Breaking the lines is the research project that I carried out at KU Leuven as an FWO Junior Postdoc (2021-2024).
It is centered on one fundamental issue in the history of philosophy and science, namely, the debate about atomism, particularly as explored by late medieval thinkers. The aim of the project is to shed new light on the mathematical approach employed by medieval scholars in addressing a central problem in natural philosophy: the nature of continuum.
This medieval debate was marked by two opposing stances on the nature of geometrical extension: ‘divisibilism’ (which claims that everything which is in a space – be it a geometric figure or a body – is indefinitely divisible) and ‘indivisibilism’ (which maintains that extended spaces are grounded on elements – atoms – that cannot be divided). These positions were held by Aristotelians and atomists, respectively. 13th- and 14th-century discussions on indivisibles were grounded in the reading of Aristotle’s works on natural philosophy – especially the Physics – but Islamicate sources, such as Avicenna’s and Averroes’s works, enriched this debate substantively.
A distinctive feature of the debate concerning the continuum between Aristotelians and atomists was the use of mathematical arguments to defend their respective positions. Specifically, geometrical reasoning, employing techniques like parallel or radial projection, animated these discussions. In geometry, assuming the existence of indivisibles (points or indivisible lines) led to paradoxical conclusions, such as the diagonal and side of a square, whose ratio is impossible in Euclidean geometry, sharing a common measure, i.e., the indivisible itself. These arguments gained prominence in the realm of natural philosophy, forging a renewed and inseparable link between mathematics and physics.
From a contemporary viewpoint, it’s accurate to assert that Aristotelian philosophy indirectly contributed to the medieval debate on atomism by offering geometrical explanations, as the core Aristotelian writings did not explicitly delve into mathematics. However, medieval thinkers engaging with atomism could refer to a ‘Aristotelian’ mathematical work, the De lineis indivisibilibus. Translated into Latin in the 13th century and possibly authored by Theophrastus, this concise yet pivotal text was ascribed to Aristotle throughout the Middle Ages. Tracing back to Xenocrates, the theory of indivisible lines postulates the existence of a primary and indivisible unit of linear measurement, by which even the immeasurable magnitudes can be related. The De lineis indivisibilibus argued against the theory of indivisible lines, hence informing the research project’s name.

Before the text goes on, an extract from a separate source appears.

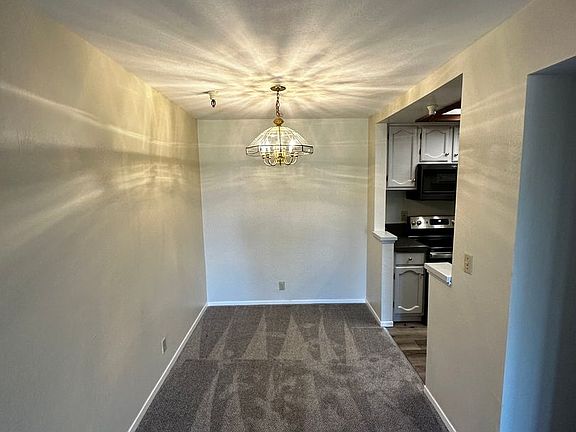 2nd image of 1210 Bellevue Ave APT 306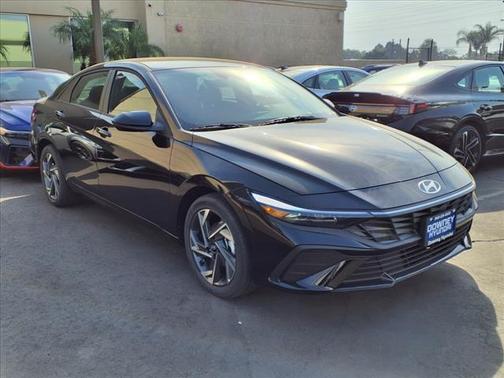 2025 Hyundai ELANTRA SEL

Who translated the De lineis indivisibilibus into Latin? Scholarship credited Robert Grosseteste (ca. 1170 – 1253), 13th-century polymath, to be responsible for the first Latin translation of the text. Although this assertion necessitates further validation, Grosseteste’s familiarity with De lineis indivisibilibus aligns with some of his philosophical principles, notably in his De luce and Glosses to the Physics, where he expounds on his original account of atomism.
The pseudo-Aristotelian text offered no unequivocal interpretation. Did it contribute to delineating a clear boundary between atomists and Aristotelians or foster distinct forms of atomism? Or did it contribute to developing special forms of atomism? How were its geometric reasonings received and exploited? Only a careful consideration of the reception of this fundamental source can unequivocally define the earliest medieval roots of Renaissance and Modern atomism and shed new light on this crucial moment in the history of philosophy and science.
One certainty is that the De lineis indivisibilibus enjoyed significant success in the late Middle Ages, evident from its preservation in over seventy codices housed in libraries across Europe!